DB-API (asynchronous)
---------------------
.. code-block:: python

    from pyhive import hive
    from TCLIService.ttypes import TOperationState

    connection = hive.connect(
        host="<data_plane_host>",
        port=<data_plane_port>,
        scheme="http", # or "https"
        lakehouse="<lakehouse_cluster_name>",
        data_plane=None # or data_plane (namespace)
        database="default",
        username="<username>",
        password="<password>"
    )

    cursor = connection.cursor()

    cursor.execute("SELECT * FROM my_awesome_data LIMIT 10", async_=True)

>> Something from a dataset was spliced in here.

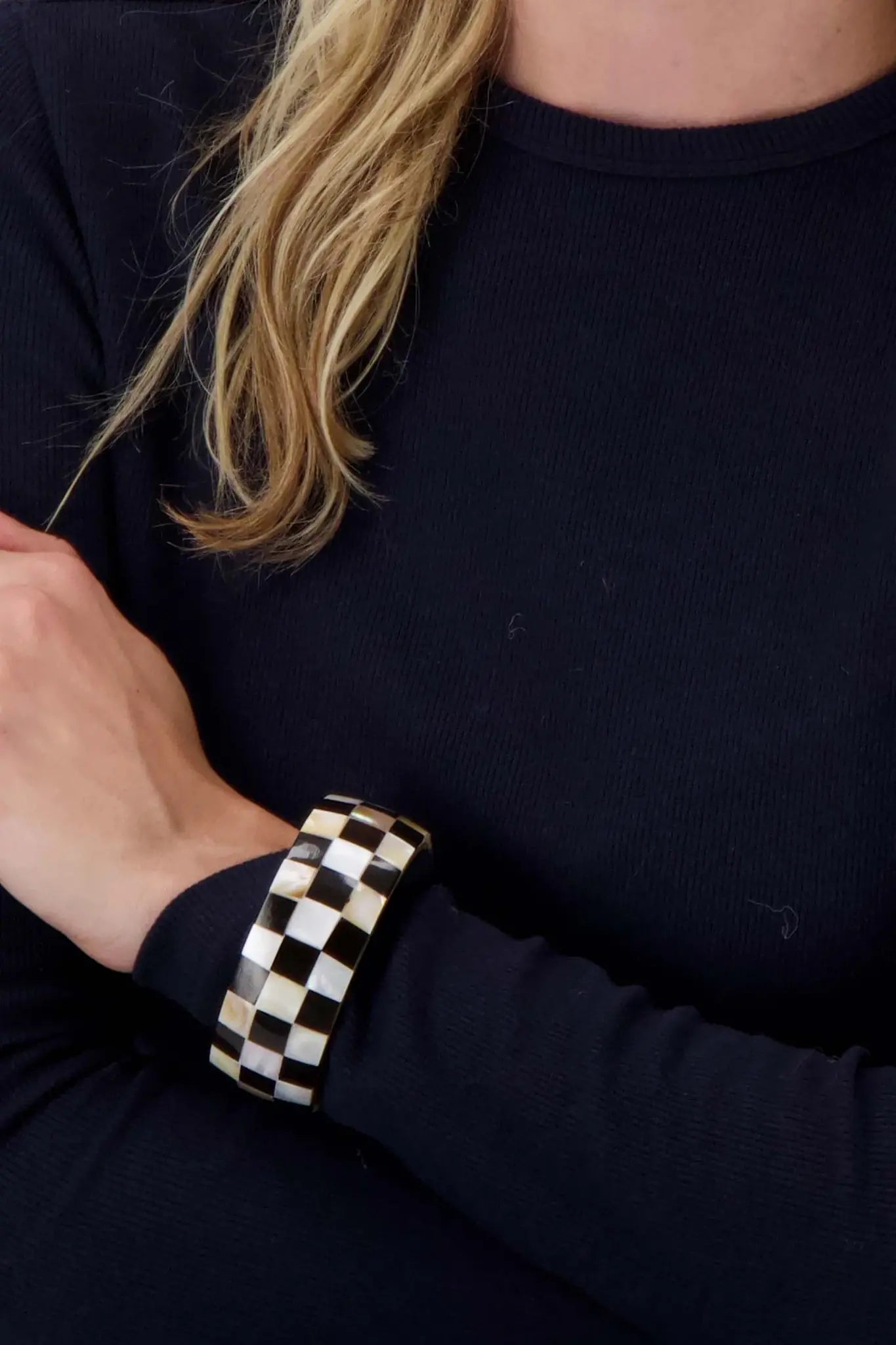 Zusss | Armband brede blok zwart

    status = cursor.poll().operationState

    while status in (TOperationState.INITIALIZED_STATE, TOperationState.RUNNING_STATE):
        logs = cursor.fetch_logs()
        for message in logs:
            print(message)

        # If needed, an asynchronous query can be cancelled at any time with:
        # cursor.cancel()

        status = cursor.poll().operationState

    print(cursor.fetchall())


SQLAlchemy
----------
First install this package to register it with SQLAlchemy (see ``setup.py``).

.. code-block:: python

    from sqlalchemy.engine import create_engine
    from sqlalchemy.orm import sessionmaker
    from sqlalchemy.schema import *

    # Possible dialects (hive and iomete are both operate identically):
    # hive+http
    # hive+https
    # iomete+http
    # iomete+https
    engine = create_engine(
        'iomete+https://<username>:<password>@<data_plane_host>:<data_plane_port>/<database>?lakehouse=<lakehouse_cluster_name>')

    # or with data_plane specified
    # engine = create_engine(
    #    'iomete+https://<username>:<password>@<data_plane_host>:<data_plane_port>/<database>?lakehouse=<lakehouse_cluster_name>&data_plane=<data_plane>')

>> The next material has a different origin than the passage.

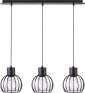 Czarna Lampa Wisząca LOFT Nad Stół SIGMA LUTO 31156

    # Alternatively, "hive" driver could be used as well
    # engine = create_engine(
    #    'hive+https://<username>:<password>@<data_plane_host>:<data_plane_port>/<database>?lakehouse=<lakehouse_cluster_name>')

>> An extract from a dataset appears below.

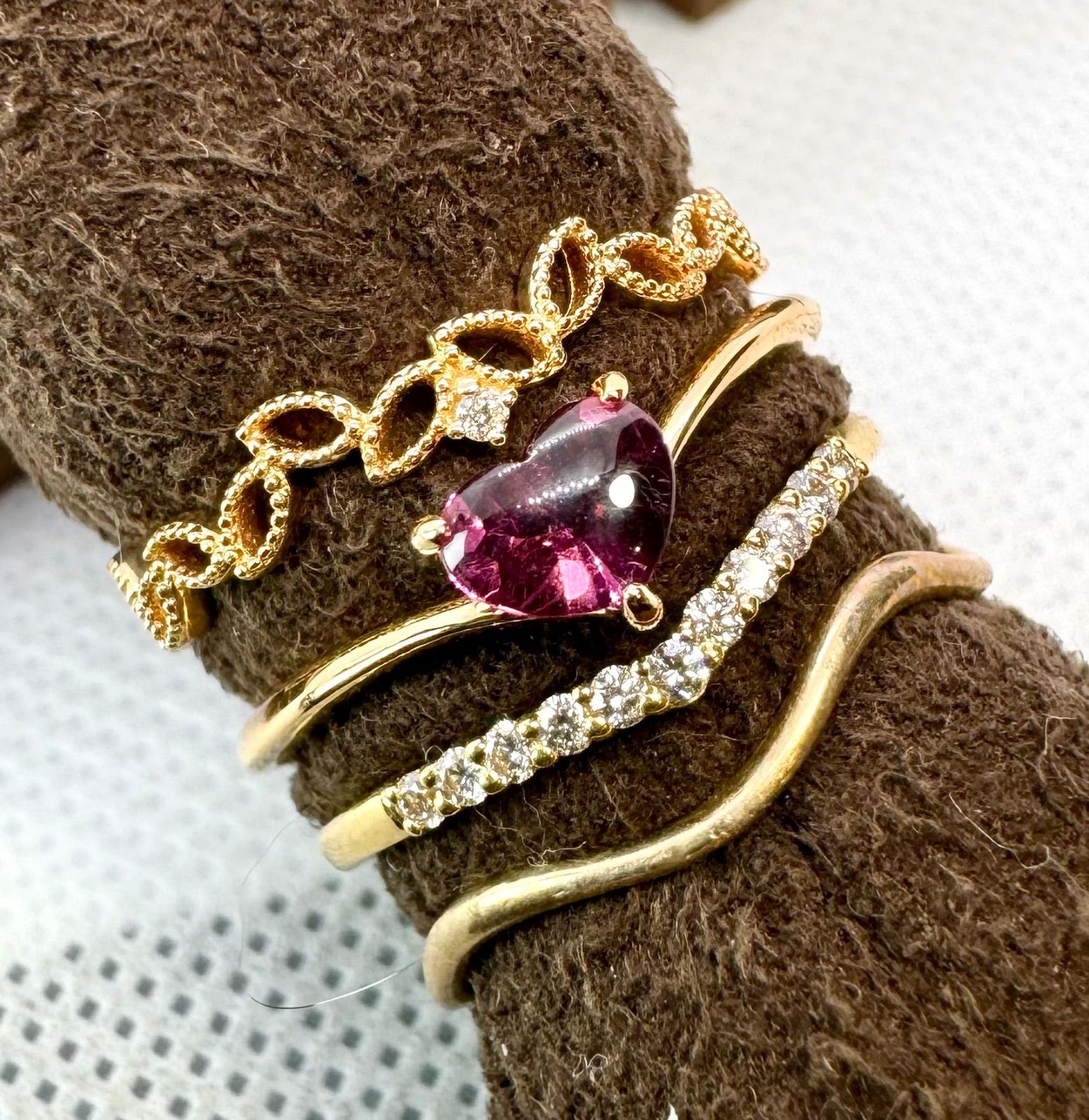 4°C◇K18YG*12号*ガーネットリング*ヨンドシー - メルカリ 4°C◇K18YG*12号*ガーネットリング*ヨンドシー - メルカリ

    session = sessionmaker(bind=engine)()
    records = session.query(Table('my_awesome_data', MetaData(bind=engine), autoload=True)) \
        .limit(10) \
        .all()
    print(records)

Note: query generation functionality is not exhaustive or fully tested, but there should be no
problem with raw SQL.


Requirements
============

Install using

- ``pip install 'py-hive-iomete'`` for the DB-API interface
- ``pip install 'py-hive-iomete[sqlalchemy]'`` for the SQLAlchemy interface

py-hive-iomete works with

- Python 2.7 / Python 3

Changelog
=========
See https://github.com/iomete/py-hive-iomete/releases.

Contributing
============
- Changes must come with tests, with the exception of trivial things like fixing comments. See .travis.yml for the test environment setup.
- Notes on project scope:

  - This project is intended to be a minimal iomete (hive) client that does that one thing and nothing else.
    Features that can be implemented on top of py-hive-iomete, such integration with your favorite data analysis library, are likely out of scope.
  - We prefer having a small number of generic features over a large number of specialized, inflexible features.

Updating TCLIService
====================

The TCLIService module is autogenerated using a ``TCLIService.thrift`` file. To update it, the
``generate.py`` file can be used: ``python generate.py <TCLIServiceURL>``. When left blank, the
version for Hive 2.3 will be downloaded.